## ACTION ITEM:
A word-for-word copy of the lines below, starting at the line with "Felipe Córdoba y" and ending at the last one, is what you should give. Omit every picture.

---------- DATA UNDER STUDY

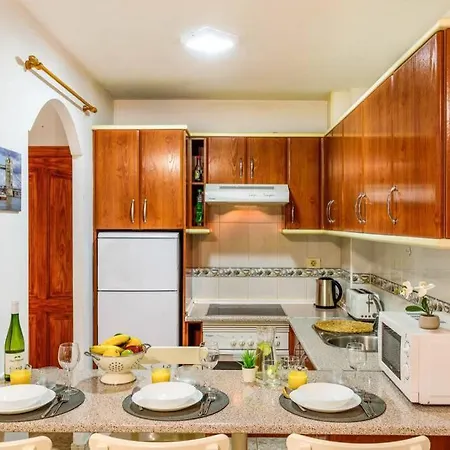 Center Of Lovely Puerto Santiago, 1 Bed Puerto de Santiago (Tenerife)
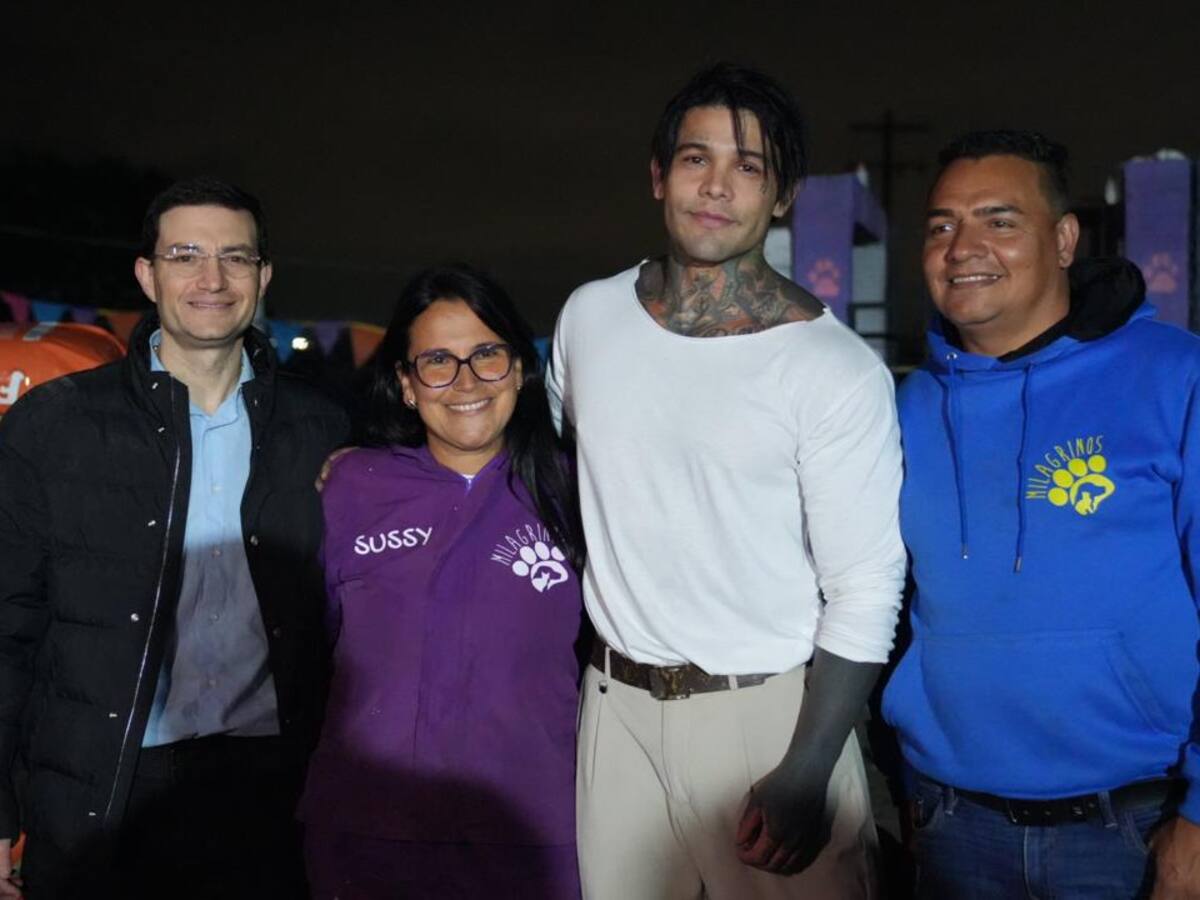 Felipe Córdoba y Yeferson Cossio donan una tonelada de alimento a refugio de animales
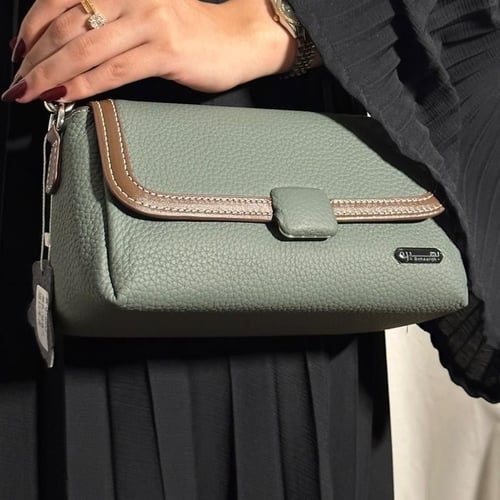 شنطة بهيرة وسط جلد طبيعي مع سير طويل وقصير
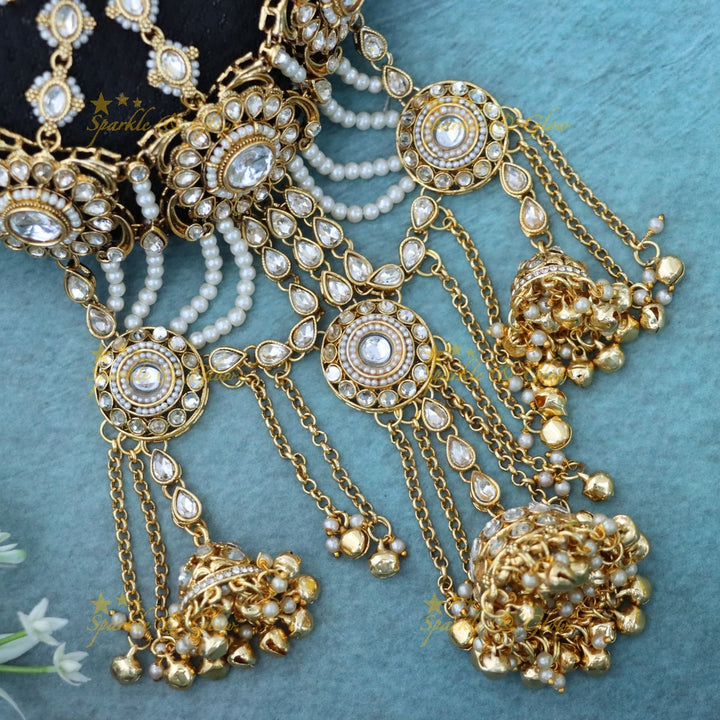 Elegant Gold Bridal Hair Bun - Perfect for Wedding Festivities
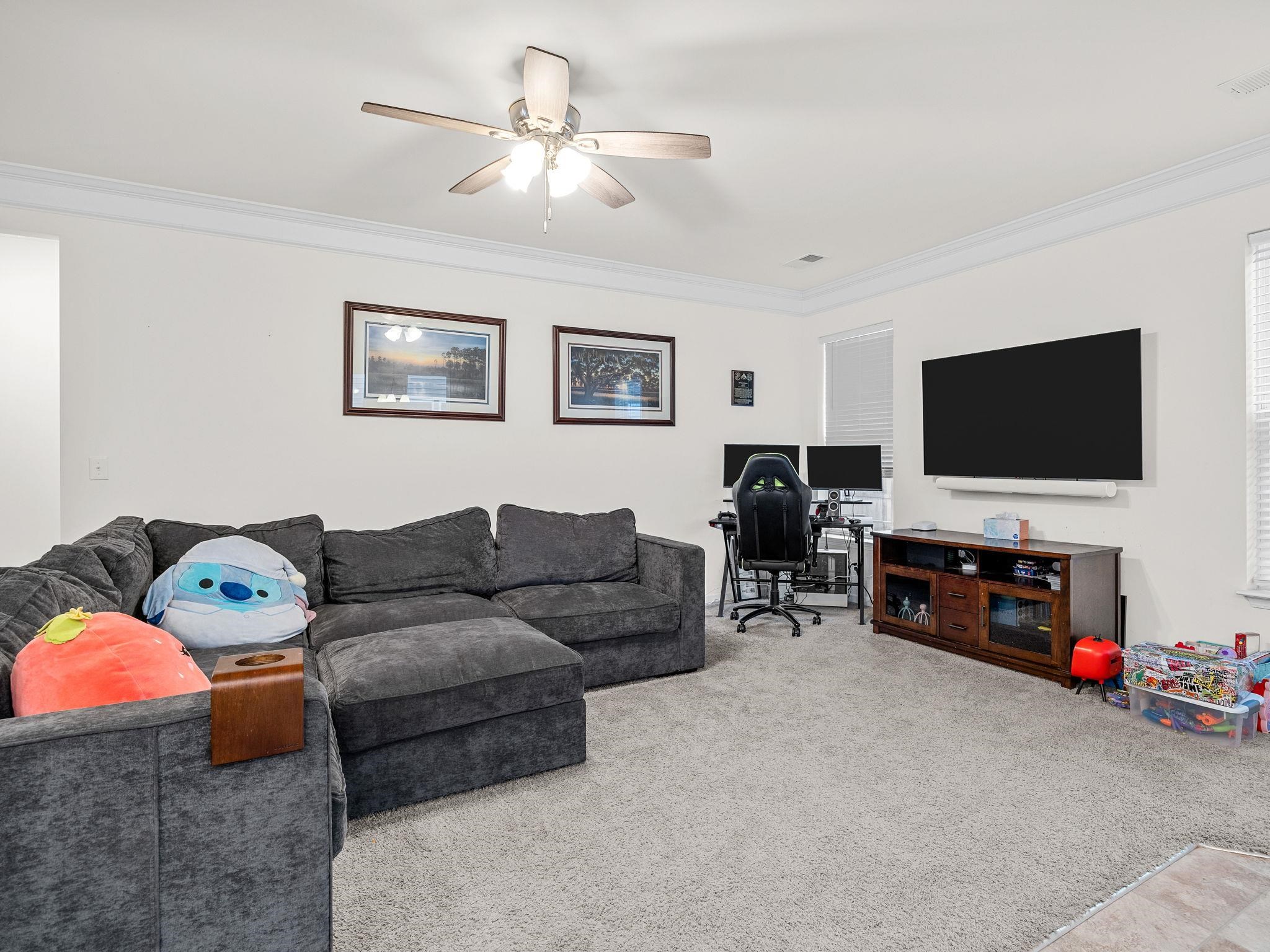 423 Wolfbend Road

--------------------

## RESULT OF THE TASK:
 Felipe Córdoba y Yeferson Cossio donan una tonelada de alimento a refugio de animales
 شنطة بهيرة وسط جلد طبيعي مع سير طويل وقصير
 Elegant Gold Bridal Hair Bun - Perfect for Wedding Festivities
 423 Wolfbend Road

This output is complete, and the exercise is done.